Это не означает, что на пепелище нельзя «обустроиться». Еще как можно! Евреи, собственно, только этим и занимаются. Но ведь и тут они «всечеловечны»: только громко выговаривают то, о чем другие ханжески помалкивают. Осиротевшая мать поплачет-поплачет, а потом возьмет и напишет повесть о Зое и Шуре — и весь остаток дней собирает дивиденды на трупах своих детей, даже переживает вторую молодость. Вот кто упырь-кровосос, или, по-другому, — капиталист. Но винить здесь некого: делать из беды антрепризу ничуть не порочнее, чем из нужды добродетель.
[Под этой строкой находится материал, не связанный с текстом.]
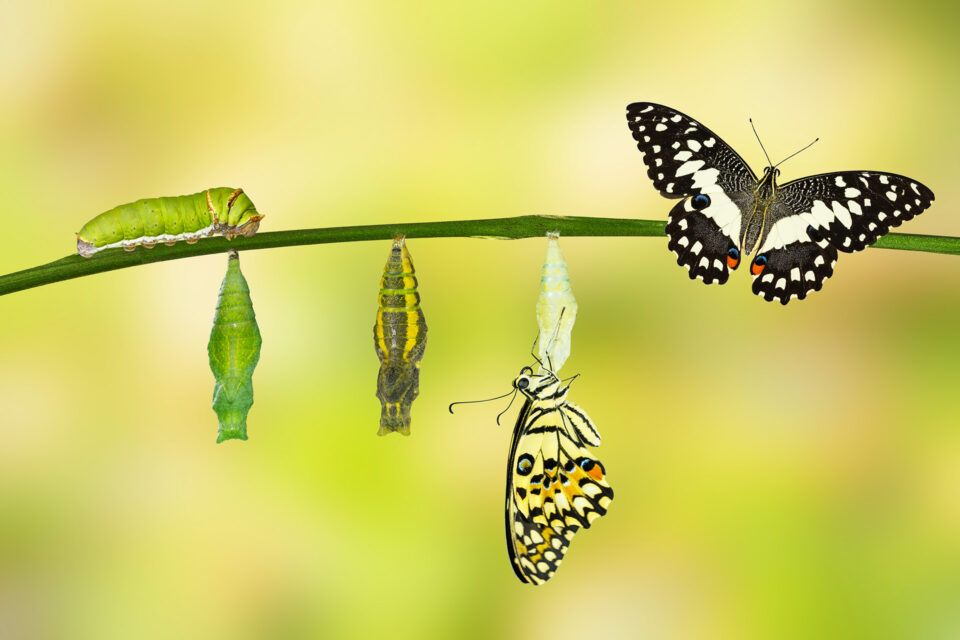 la transformation physique d’une chenille en papillon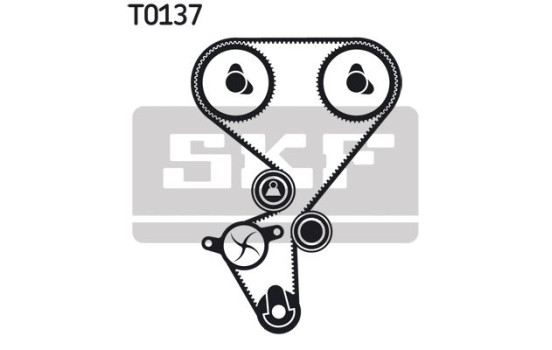 Timing Belt Set VKMA 03130 SKF, Image 2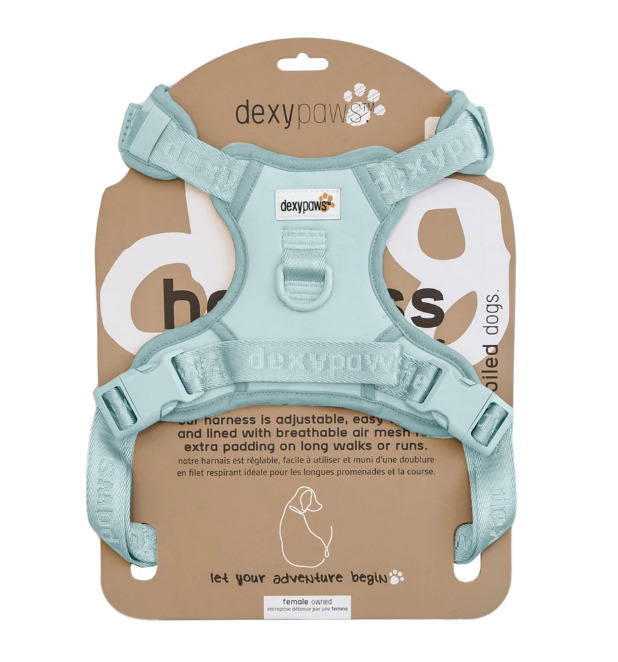 Ga00088 - Harnais bleu pour chiens - Dexypaws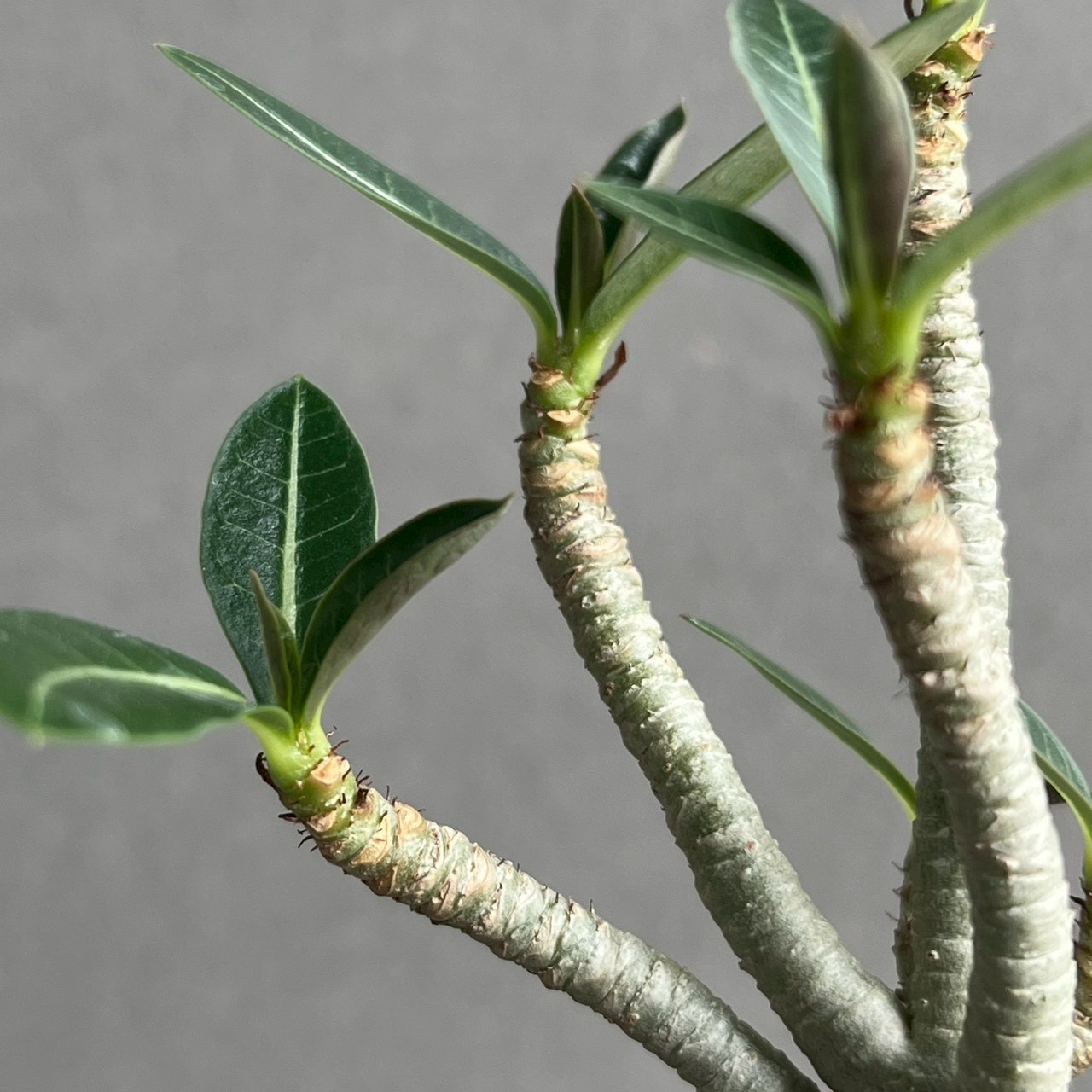 アデニウム アラビカム｜コンパクトで美しい樹形の塊根植物｜タイ育種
Здесь намечается путь российского посткоммунистического будущего: осознать, что на пепелище самое ценное — дым, а не удобренная золой почва. Пора позабыть подсечное земледелие, да и вообще земледелие. Иные поля, иные горизонты развертываются перед русским человеком. «Сошел и стал окидывать тех новых луж масла». Что такое «Америка»? Это не достигнутый «уровень потребления», а готовность начать заново, с нуля. «Эмигрировать». Америка, со всеми ее газолиновыми станциями и прочими увесистыми facilities, — грандиозный воздушный замок. Английское слово facility значит одновременно «оборудование», «аппаратура», «техустройства» — и «легкость», «податливость», «отсутствие препятствий», «благоприятные условия». То есть, как уже было сказано, деньги делаются из воздуха, из дыма. Это «биржа». Это «еврей». Но это и основной онтологический закон: «дом бытия» — в воздухе, или, если вам так больше нравится, корни человека — в небе.